Segment Start: Available data
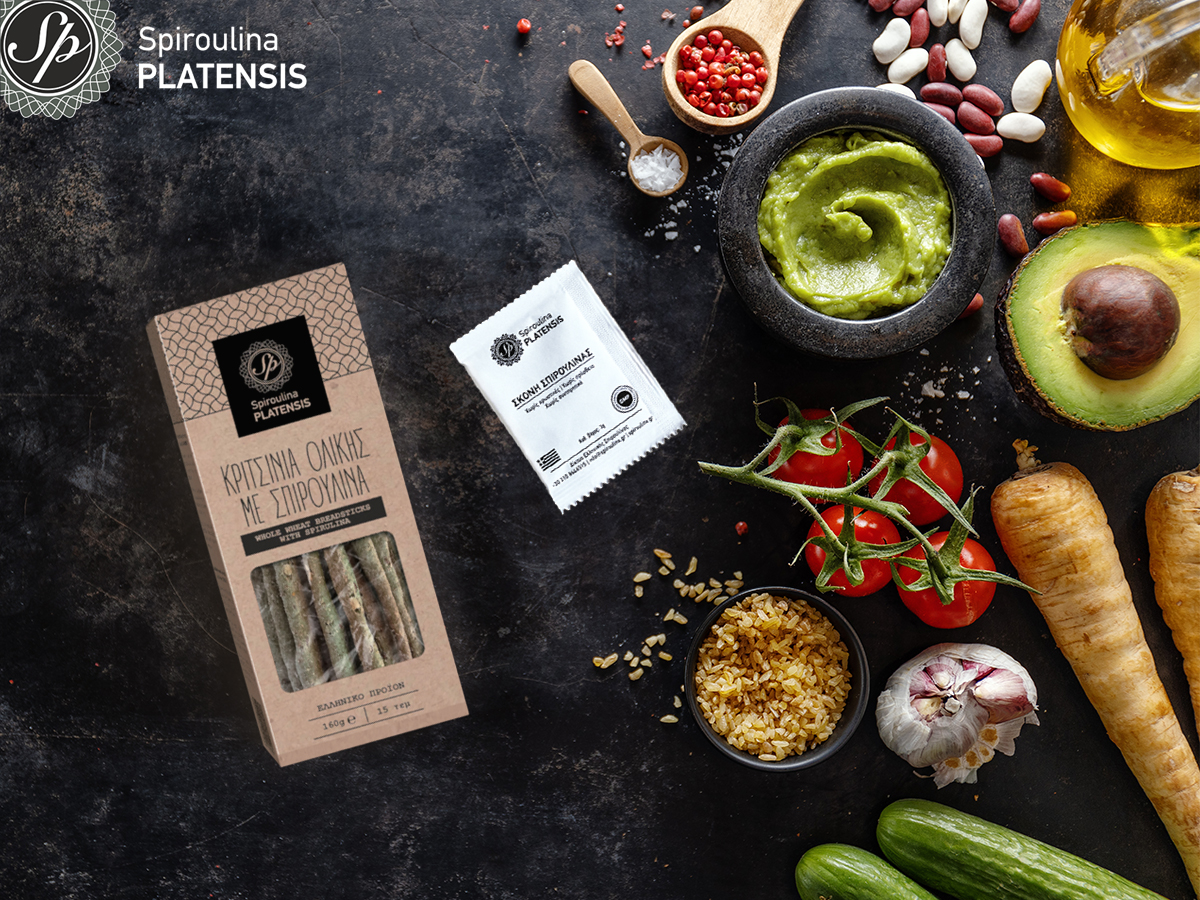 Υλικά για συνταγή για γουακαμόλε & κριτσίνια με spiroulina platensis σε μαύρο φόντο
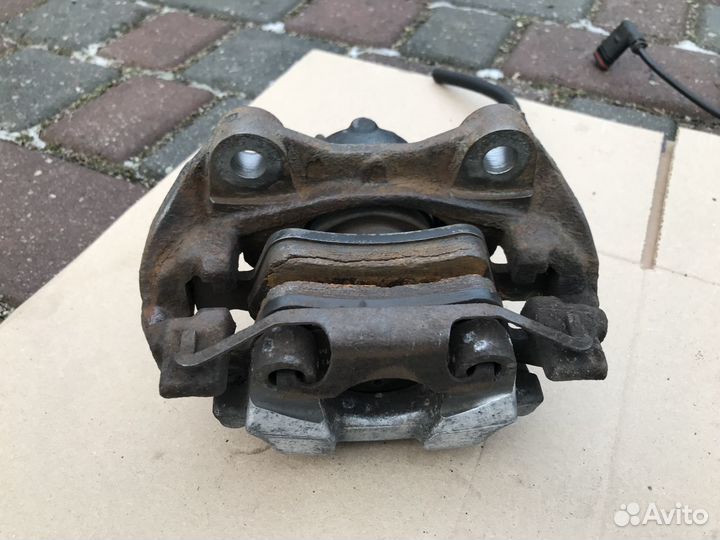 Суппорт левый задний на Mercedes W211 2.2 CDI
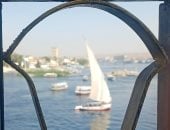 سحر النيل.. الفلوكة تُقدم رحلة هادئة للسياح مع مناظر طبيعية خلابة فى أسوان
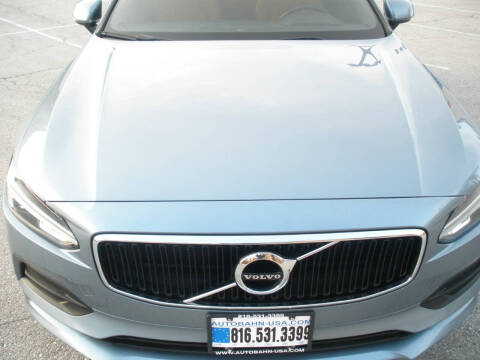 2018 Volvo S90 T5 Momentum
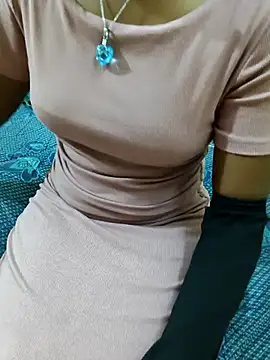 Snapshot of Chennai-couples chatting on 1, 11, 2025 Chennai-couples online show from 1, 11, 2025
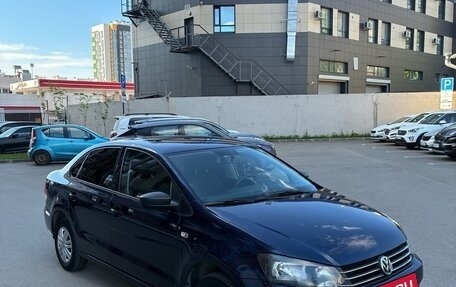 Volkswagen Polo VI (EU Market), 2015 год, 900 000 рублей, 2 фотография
Segment End: Available data
What you need to do:
The entries above are to be printed again word for word, with every picture removed.

Exercise output:
 Υλικά για συνταγή για γουακαμόλε & κριτσίνια με spiroulina platensis σε μαύρο φόντο
 Суппорт левый задний на Mercedes W211 2.2 CDI
 سحر النيل.. الفلوكة تُقدم رحلة هادئة للسياح مع مناظر طبيعية خلابة فى أسوان
 2018 Volvo S90 T5 Momentum
 Snapshot of Chennai-couples chatting on 1, 11, 2025 Chennai-couples online show from 1, 11, 2025
 Volkswagen Polo VI (EU Market), 2015 год, 900 000 рублей, 2 фотография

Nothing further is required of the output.